Jones announced his plan to retire after nearly 40 years in law enforcement through an email sent to employees, sources said.
Jones was not immediately available for comment.
"I’m happy for his ability to retire," City Administrator Steve Powers said. "I’m sad that he’s leaving the City of Ann Arbor."
Powers said Jones informed him of his plan to retire Tuesday. Powers sent the following e-mail Wednesday afternoon to City Council members and service area administrators: "Barnett Jones has informed me and the department’s command staff that he is retiring April 1, 2012. Barnett has served the public in law enforcement for 38 years. He will be a loss to Ann Arbor."
Ann Arbor Fire Chief Chuck Hubbard said he talked to Jones two days ago about routine business and Jones gave him no indication he was planning to retire. Hubbard learned about the retirement over a brief email that he received Wednesday.
"I'm shocked," he said. "He'll be sorely missed." Hubbard said Jones has been his immediate supervisor since June 2011, when Hubbard was promoted to his current position.
"His work ethic speaks for itself," Hubbard said. "He's a professional. He's a fair person. He's been great to me. He's been very helpful in my career."
Jones was pressured in recent city budget cycles to make deep cuts to the police department, cuts he didn't want to have to make. He expressed frustrations about that and repeatedly told council members he couldn't afford to lose any more police officers.
"We can't afford to lose a police officer," he told council members in February 2010. "Since 2000, we've gone from 216-plus police officers down to 124. Our reality is we have been doing the best we can ... but we're at a point where there are some quality of life issues. As a police chief, I cannot stand here and say I can afford to lose any more police officers."
Both the police department and the fire department, which Jones oversees as public safety administrator, have gone through two rounds of cuts since he made that comment, and the city recently outsourced police dispatch services to the county, eliminating even more jobs.
More staffing reductions are being considered in the fire department this year. A recent report from a paid consultant recommends several options for cutting the department's costs.
The budget picture is looking better for the police department, though, and council members are planning to avoid planned cuts this year.
Jones, who is in his late 50s, makes $126,500 per year as chief. City officials said Jones is eligible for a pension under city policies that allow firefighters and police officers to collect at age 55 with five or more years of service.

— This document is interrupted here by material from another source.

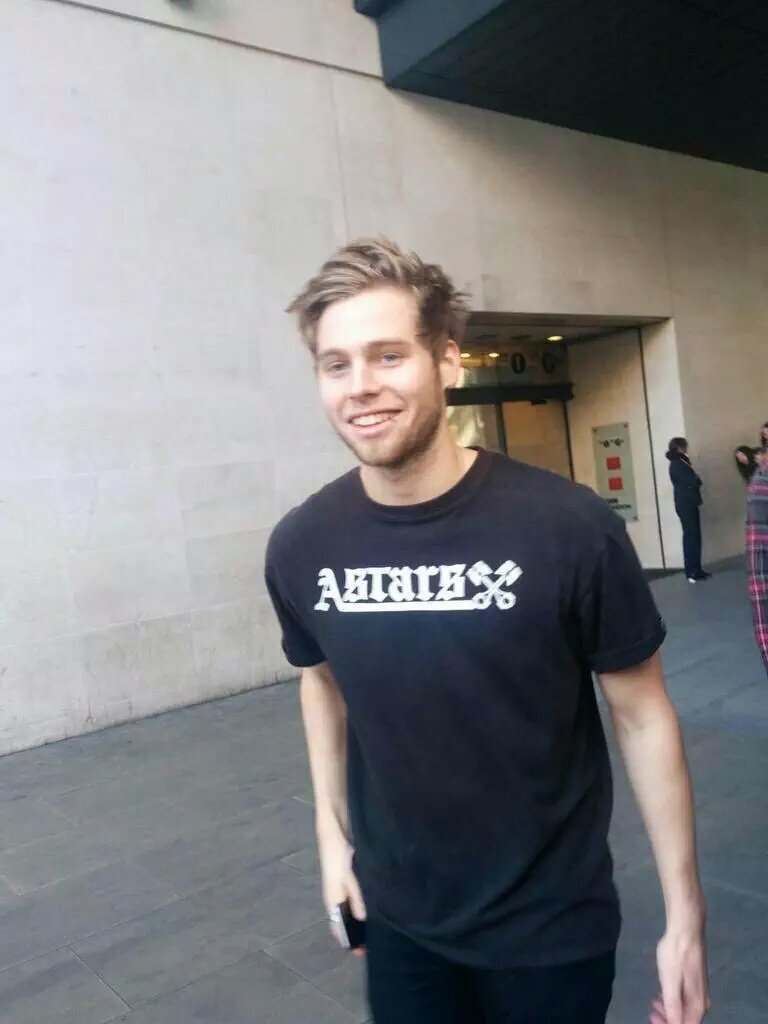 kindacece's tweet image. I'm going to tweet 50 pictures. If each tweet gets 10 rts that's 500 votes #MTVStars 5 Seconds of Summer 19/50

It's expected that his pension will be calculated based on the average of his three highest-paid consecutive years multiplied by his total years of service and a 2.75 percent multiplier. A rough calculation shows that could be more than $20,000 a year.
City Council Member Christopher Taylor, D-3rd Ward, said Jones' departure will be a loss for the city of Ann Arbor.
"Chief Jones has led AAPD with calm and grace during a crucial era," Taylor said. "He was asked to do more with less and Chief Jones delivered. As he has often said, we live in a safe community, and to him we owe a debt of thanks."
Jones also is well-respected in Michigan, said Bob Stevenson, executive director of the Michigan Association of the Chiefs of Police.
“(Ann Arbor) is losing an excellent chief of police with a tremendous reputation around the state,” Stevenson said.
Washtenaw County Sheriff Jerry Clayton expressed a similar sentiment. "The retirement of Chief Jones is a tremendous loss for the the City of Ann Arbor and all of Washtenaw County," Clayton said in an emailed statement. "He has been a strong leader and public safety partner and I greatly appreciate his friendship and the counsel he has provided me through the years."
Jones came to Ann Arbor as chief of police in 2006 after serving as police chief in Sterling Heights.
He began his law enforcement career as a Wayne County sheriff's deputy and also worked for the Inkster Police Department and Oakland County Sheriff's Department.
Jones earned a bachelor's degree from the University of Michigan and a master's degree from Eastern Michigan University.
Powers said the city will need to appoint an interim chief until officials can find a new police chief. He said he does not yet know who that will be.
John Seto and Greg Bazick are the department's two deputy chiefs.